Les petites surfaces (studios, T2) affichent des loyers au mètre carré plus élevés, ce qui pousse mécaniquement le rendement brut vers le haut. Le statut LMNP ou le déficit foncier permettent d’améliorer la rentabilité nette, mais leur impact dépend du taux marginal d’imposition de l’investisseur et de la durée de détention prévue.
Le rendement brut seul ne suffit pas à comparer deux opérations. Il faut intégrer l’encadrement des loyers applicable, le coût réel des travaux éventuels, la taxe foncière du quartier et les charges de copropriété. Un bien affiché à 5,5 % brut avec un DPE en G et des travaux de copropriété votés peut descendre sous 3 % net après impôt.

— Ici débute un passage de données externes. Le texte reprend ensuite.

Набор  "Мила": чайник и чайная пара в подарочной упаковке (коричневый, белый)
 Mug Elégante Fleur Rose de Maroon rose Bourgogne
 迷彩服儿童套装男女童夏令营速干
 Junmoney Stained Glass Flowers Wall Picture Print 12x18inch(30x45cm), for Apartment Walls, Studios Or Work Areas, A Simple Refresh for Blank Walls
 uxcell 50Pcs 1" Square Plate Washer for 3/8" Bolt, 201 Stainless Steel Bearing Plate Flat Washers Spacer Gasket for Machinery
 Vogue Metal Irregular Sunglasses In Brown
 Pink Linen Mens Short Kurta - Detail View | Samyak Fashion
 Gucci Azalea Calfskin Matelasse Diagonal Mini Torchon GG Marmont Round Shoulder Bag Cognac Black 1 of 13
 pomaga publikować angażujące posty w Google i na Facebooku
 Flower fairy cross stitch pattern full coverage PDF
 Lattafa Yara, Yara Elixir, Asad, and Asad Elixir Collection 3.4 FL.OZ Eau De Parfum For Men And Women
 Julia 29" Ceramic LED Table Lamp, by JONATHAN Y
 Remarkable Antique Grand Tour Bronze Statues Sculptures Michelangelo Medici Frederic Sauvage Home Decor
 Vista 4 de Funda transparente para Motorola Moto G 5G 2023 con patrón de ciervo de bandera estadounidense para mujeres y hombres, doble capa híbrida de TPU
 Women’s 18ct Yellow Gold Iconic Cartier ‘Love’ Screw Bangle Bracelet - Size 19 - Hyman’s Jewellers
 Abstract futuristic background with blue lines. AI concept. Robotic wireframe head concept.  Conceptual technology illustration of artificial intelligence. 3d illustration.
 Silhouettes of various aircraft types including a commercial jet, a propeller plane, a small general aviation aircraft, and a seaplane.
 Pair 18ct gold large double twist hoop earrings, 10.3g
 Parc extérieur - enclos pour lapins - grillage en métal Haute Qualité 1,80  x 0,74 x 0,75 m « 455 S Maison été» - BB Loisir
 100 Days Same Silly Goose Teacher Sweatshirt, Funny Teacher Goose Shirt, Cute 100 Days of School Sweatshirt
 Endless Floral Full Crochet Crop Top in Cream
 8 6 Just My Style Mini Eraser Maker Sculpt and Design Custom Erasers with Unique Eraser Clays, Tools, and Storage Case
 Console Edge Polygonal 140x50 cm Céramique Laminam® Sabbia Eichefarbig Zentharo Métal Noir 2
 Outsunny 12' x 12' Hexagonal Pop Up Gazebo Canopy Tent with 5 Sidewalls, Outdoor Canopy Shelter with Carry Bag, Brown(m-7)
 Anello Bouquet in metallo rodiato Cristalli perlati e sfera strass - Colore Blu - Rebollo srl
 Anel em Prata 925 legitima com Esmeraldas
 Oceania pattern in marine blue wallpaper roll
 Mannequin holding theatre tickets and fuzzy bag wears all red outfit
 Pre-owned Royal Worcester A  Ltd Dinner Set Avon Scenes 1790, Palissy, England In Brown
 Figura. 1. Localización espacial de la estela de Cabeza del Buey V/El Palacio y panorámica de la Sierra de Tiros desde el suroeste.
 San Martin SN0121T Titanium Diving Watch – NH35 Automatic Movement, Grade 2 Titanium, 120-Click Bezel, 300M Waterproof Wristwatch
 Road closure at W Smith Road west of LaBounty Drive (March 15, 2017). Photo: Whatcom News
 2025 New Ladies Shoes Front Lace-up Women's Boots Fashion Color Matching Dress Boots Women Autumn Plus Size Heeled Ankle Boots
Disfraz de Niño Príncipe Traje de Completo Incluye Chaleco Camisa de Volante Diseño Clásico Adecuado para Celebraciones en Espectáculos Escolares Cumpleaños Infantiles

Projection de prix immobilier à Lyon : ce que disent les données disponibles
Aucun indicateur fiable ne permet de prédire les prix à 12 ou 18 mois avec précision. Les données notariales du premier trimestre 2026 montrent une stabilisation plutôt qu’une reprise haussière. Les taux de crédit, après leur remontée, se sont stabilisés, ce qui a ramené une partie des primo-accédants sur le marché sans provoquer de tension sur les prix.
Les projets urbains en cours (Part-Dieu 2030, extension tramway, requalification de Gerland) peuvent créer des micro-hausses localisées sur certains secteurs, mais leur effet reste progressif et déjà partiellement intégré dans les prix actuels.
Un investissement réussi à Lyon en 2026 repose moins sur un pari haussier que sur un achat négocié au bon prix, dans un secteur où la demande locative est documentée et le cadre réglementaire maîtrisé. La donnée la plus utile reste l’écart entre prix affiché et prix signé dans le quartier visé : c’est là que se joue la rentabilité réelle de l’opération.